Posted 11/09/2010 - 10:23:09pm by Jennifer Coate
Ten individuals have been awarded up to $100,000 for their work to improve their communities and the world. From fighting U.S. foreclosures to taking on powerful polluters to rebuilding Afghanistan, this year’s Purpose Prize winners are working on community-based issues from the ground up -- and getting results. You can read about all 10 of the 2010 winners below.
Five adults over 60 have been awarded the $100,000 Purpose Prize for their work and five have been awarded the $50,000 Purpose Prize.

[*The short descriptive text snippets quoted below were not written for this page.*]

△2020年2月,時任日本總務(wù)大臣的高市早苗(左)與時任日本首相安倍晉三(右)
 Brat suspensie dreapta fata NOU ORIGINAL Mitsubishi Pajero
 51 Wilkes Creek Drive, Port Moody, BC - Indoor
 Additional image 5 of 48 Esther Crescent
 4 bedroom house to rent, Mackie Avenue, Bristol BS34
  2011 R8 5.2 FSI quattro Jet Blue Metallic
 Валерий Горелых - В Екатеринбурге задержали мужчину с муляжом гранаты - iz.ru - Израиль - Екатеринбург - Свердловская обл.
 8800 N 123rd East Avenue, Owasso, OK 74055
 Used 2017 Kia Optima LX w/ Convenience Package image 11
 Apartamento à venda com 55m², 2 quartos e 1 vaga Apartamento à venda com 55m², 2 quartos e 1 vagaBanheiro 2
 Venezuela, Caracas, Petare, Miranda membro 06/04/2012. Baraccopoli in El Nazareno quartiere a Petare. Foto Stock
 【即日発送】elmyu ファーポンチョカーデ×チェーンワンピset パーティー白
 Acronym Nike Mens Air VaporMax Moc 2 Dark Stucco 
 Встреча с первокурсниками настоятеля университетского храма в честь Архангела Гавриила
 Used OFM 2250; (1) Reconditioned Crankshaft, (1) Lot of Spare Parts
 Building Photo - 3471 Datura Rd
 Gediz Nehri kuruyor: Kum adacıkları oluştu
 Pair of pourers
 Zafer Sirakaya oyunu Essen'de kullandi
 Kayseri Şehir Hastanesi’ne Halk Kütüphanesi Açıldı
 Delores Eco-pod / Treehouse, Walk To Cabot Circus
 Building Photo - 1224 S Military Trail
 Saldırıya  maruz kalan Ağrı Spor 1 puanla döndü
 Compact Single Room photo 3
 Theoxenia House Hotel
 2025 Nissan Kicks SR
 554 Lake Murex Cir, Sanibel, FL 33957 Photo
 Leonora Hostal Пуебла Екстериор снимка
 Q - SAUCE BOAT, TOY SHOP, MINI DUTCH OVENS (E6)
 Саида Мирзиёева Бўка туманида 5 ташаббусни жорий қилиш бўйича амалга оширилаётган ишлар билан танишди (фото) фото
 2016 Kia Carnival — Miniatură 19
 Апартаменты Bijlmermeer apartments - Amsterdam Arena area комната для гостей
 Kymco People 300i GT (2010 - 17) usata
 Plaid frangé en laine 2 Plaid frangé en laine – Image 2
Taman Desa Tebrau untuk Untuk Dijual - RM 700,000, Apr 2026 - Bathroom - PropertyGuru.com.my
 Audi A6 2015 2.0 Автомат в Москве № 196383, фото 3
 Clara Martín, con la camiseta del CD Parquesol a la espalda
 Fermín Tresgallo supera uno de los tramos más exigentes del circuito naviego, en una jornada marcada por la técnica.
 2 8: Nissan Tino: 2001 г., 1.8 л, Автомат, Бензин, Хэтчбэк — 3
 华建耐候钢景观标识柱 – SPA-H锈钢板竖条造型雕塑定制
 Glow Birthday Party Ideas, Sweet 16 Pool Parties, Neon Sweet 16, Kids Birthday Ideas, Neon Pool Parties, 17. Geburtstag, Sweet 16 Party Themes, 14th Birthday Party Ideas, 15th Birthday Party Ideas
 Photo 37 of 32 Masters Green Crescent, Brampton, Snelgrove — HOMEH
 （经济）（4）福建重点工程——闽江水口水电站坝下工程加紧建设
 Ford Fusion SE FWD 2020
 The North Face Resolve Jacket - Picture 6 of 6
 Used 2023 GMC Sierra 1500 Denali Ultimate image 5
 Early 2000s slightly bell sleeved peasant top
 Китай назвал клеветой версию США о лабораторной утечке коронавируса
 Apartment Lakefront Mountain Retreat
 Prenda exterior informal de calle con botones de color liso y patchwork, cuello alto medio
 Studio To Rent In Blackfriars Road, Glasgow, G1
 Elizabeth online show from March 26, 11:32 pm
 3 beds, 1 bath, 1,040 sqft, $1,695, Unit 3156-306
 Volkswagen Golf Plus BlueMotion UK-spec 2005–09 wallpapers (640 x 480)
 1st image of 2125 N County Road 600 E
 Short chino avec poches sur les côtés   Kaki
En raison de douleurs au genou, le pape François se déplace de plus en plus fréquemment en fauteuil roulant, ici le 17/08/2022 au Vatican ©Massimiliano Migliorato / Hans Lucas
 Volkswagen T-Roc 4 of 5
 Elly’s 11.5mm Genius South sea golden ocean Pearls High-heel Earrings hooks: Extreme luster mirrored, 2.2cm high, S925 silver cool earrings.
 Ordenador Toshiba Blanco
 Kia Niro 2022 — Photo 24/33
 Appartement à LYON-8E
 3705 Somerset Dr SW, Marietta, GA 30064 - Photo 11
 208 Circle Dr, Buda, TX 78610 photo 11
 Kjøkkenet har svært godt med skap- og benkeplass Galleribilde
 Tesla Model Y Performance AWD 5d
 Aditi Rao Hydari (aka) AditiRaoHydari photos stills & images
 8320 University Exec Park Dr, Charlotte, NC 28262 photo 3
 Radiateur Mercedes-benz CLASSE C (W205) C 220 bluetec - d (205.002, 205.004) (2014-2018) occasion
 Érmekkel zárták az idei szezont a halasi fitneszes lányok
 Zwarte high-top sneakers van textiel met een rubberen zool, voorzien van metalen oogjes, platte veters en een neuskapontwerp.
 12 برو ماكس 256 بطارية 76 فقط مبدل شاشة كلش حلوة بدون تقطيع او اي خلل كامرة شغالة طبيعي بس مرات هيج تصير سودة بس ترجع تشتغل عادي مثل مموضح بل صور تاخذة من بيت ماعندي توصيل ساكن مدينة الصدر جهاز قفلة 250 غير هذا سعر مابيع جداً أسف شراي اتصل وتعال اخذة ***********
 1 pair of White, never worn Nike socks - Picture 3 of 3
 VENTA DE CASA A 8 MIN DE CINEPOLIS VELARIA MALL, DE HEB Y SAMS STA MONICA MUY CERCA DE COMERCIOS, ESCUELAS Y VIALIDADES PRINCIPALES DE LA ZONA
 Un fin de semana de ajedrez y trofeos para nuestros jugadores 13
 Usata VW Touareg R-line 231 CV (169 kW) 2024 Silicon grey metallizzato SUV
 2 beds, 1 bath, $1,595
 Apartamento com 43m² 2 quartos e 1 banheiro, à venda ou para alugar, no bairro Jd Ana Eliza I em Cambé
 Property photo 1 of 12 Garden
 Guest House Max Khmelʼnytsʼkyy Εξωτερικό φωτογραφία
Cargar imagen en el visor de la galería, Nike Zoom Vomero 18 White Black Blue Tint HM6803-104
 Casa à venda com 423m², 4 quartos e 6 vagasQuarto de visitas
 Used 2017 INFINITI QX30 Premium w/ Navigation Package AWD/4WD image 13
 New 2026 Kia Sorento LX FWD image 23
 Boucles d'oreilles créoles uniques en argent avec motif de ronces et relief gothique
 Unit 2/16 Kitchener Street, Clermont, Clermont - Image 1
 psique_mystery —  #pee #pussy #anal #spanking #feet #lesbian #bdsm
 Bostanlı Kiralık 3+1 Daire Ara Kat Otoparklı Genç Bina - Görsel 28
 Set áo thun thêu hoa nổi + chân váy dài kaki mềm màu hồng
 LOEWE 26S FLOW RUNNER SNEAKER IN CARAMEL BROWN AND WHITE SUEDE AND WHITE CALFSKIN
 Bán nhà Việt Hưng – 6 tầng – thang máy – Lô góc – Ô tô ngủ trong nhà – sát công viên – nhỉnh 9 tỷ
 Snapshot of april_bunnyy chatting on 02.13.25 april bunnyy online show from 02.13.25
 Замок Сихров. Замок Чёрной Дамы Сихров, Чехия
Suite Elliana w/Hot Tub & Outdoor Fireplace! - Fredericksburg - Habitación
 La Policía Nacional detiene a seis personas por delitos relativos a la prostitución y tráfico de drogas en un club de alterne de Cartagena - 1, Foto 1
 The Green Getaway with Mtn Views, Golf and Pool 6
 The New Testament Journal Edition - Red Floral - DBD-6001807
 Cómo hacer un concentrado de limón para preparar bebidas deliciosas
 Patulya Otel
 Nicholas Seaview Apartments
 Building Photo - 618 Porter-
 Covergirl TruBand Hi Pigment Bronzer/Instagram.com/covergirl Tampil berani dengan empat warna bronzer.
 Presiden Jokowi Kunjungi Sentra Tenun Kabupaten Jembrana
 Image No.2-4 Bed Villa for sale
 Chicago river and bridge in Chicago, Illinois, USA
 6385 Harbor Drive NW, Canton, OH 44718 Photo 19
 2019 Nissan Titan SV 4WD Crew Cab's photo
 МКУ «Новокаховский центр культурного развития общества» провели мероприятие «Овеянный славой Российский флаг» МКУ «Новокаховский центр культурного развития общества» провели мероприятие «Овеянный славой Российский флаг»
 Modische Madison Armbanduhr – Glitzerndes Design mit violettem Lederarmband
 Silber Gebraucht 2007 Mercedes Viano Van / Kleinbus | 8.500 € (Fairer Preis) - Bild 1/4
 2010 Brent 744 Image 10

This year’s $100,000 winners are:
Allan Barsema of Rockford, Ill., who creates innovative online networks of social service agencies to ensure that homeless people get the help they need quickly, efficiently and effectively. More >
Barry Childs of Marylhurst, Ore., who improves the lives of vulnerable children and their families in Tanzania by creating farming cooperatives, building classrooms and opening clinics. More >
Margaret Gordon of Oakland, Calif., who connected the asthma that plagued her low-income community to the pollution of the nearby port, she has fought to improve the area’s environmental health. More >
Inez Killingsworth of Cleveland, who helps homeowners avoid foreclosure by negotiating with banks for more favorable terms on mortgages. More >
Judith Van Ginkel of Cincinnati, who leads a program that provides in-home services for first-time, at-risk mothers – including parenting support – to improve the lives of young families. More >
The $50,000 winners for 2010 are:
Barbara Allen of Lafayette Hills, Pa., who engages children as philanthropists to create artwork that brings in donations that pay for desperately needed art supplies for inner-city Philadelphia schools. More >
Dana Freyer of New York City, who helps rural Afghans alleviate poverty, build sustainable livelihoods and restore their environment by revitalizing woodlots, vineyards and orchards. More >
Hubert Jones of Boston, who brings children together to sing songs of hope, faith and promise, uniting young people across differences of race, religion and economic status. More >
Donald Stedman of Raleigh, N.C., who counsels schools on the best ways to engage seriously disabled students, then helps to assess technological and teacher training needs. More >
Bo Webb of Whitesville, W. Va., a community organizer who is building a movement to stop mountaintop removal, an environmentally destructive method of mining for coal. More >
This year’s 46 Purpose Prize fellows are working on issues including providing quality end-of-life care to terminally ill children, increasing affordable housing options, training professionals to investigate war crimes, addressing chronic unemployment, promoting alternative fuel sources to protect the environment, providing culturally relevant support services to immigrants, preparing prisoners for finding jobs and rescuing teenage girls from prostitution.